It has become commonplace for politicians now to say that
history changed its course on September 11, 2001 with the collapse
of the Twin Towers in New York. Meanwhile, economists do not find
anything symbolic about the date of March 11, 2000, although it was
on that day that the S&P500 reached its record high and then
began its continuous decline. From the point of view of the
politicians, we all are living in a world that differs dramatically
from the world of the 1990s.
Economists argue that the present realities were brought about
by the economic revolution of the 1990s.

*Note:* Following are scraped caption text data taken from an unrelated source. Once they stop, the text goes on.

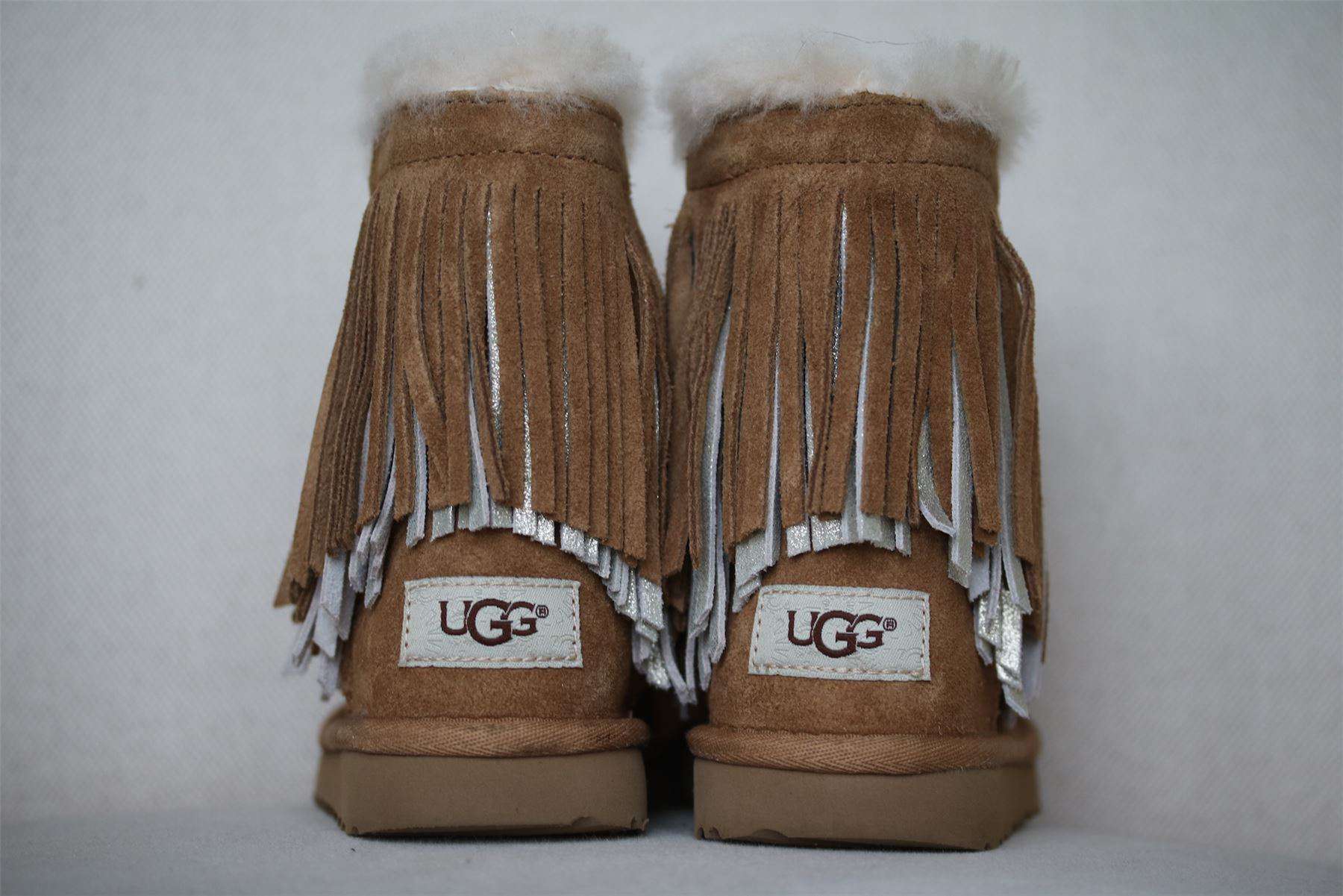 UGG KIDS CLASSIC CHESTNUT FRINGE SHEEPSKIN BOOTS EU 25 UK 8 - Image 3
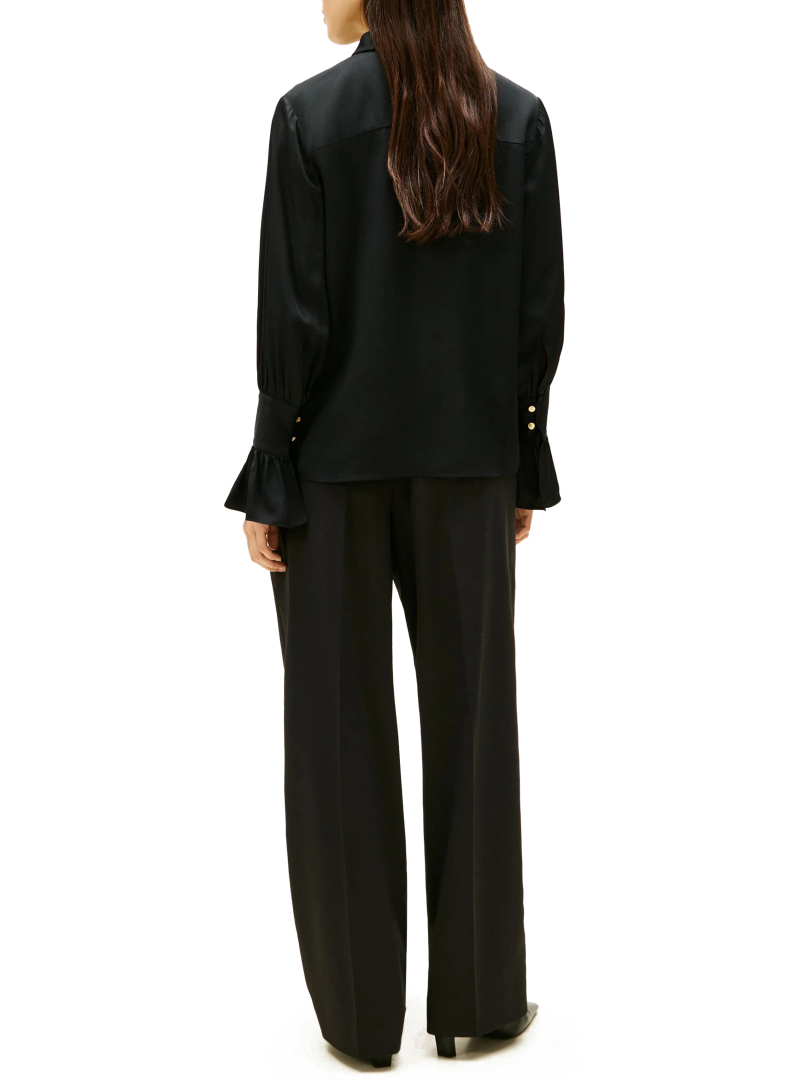 ΓΥΝΑΙΚΕΙΟ ΠΟΥΚΑΜΙΣΟ  2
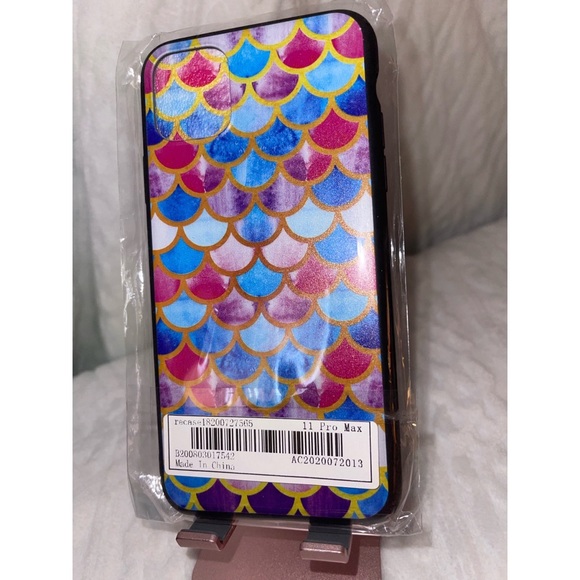 Colorful Fish Scales iPhone 11 Pro Max Case 💕 - Picture 17 of 17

This is why the latest
book by Joseph Stiglitz, subtitled A New History of the World’s
Most Prosperous Decade, may be perceived as reminiscences of the
present.
This work was published less than one year after the author’s
previous book hit the bookstands (Stiglitz, J.E. Globalization and
Its Discontents. New York, London: W.W. Norton & Co., 2002). In
it, Stiglitz, who was senior vice president of the World Bank from
1997 to 2000, analyzed the impact which the crises in emerging
markets had had on the course of globalization. Now the author (who
served as Chairman of President Bill Clinton’s Council of Economic
Advisers from 1993 to 1997) has made an attempt to analyze the
processes that have led the New Economy to a crisis. This crisis
has brought about numerous problems, which continue to threaten
economic stability in the United States.
Joseph Stiglitz is known for his deep insight into economic
problems and for his categorical statements about those who he
thinks created those problems. This approach made his previous book
one of the most scandalous publications of the year. In his latest
work, Stiglitz attacks prominent figures of the Clinton era – and
not only because of his methodological differences with them. Upon
reading The Roaring Nineties, the reader will most certainly find
that those years were not only the most prosperous but also the
most deceptive. Indeed, the author is confident that the objectives
set by the Clinton administration were the right ones, but so many
mistakes were made on the way to implement them that it brings to
mind the famous saying about where a road paved with good
intentions leads. “I believe that had we had our goals – and how
they might best be achieved in today’s economy – better in focus,
we might have been able to avoid some of the excesses of the 1990s,
and we would have been better able to manage the problems that
followed,” Stiglitz writes (p. 281).
The economic history of the 1990s is represented by the author
as the history of a unique period when the U.S. economy benefited
from a unique combination of factors, each being both accidental
and natural, yet none of them permanent or even long-term. The
author believes that the technological boom arose not because of,
but rather in spite of, the sound pragmatism of Americans who
failed to assimilate the knowledge that was the basis of the New
Economy. Stiglitz writes that although “the success of the nineties
was based on science and technology… [but] Americans themselves did
not value science and technology… To a large extent, America was
borrowing ideas and people from abroad, just as it was borrowing
from abroad to finance its boom” (p. 311). The boom nevertheless
opened up vast opportunities for the American economy. However, the
revenues were re-invested either in speculative operations in the
stock market, which brought the total market capitalization of U.S.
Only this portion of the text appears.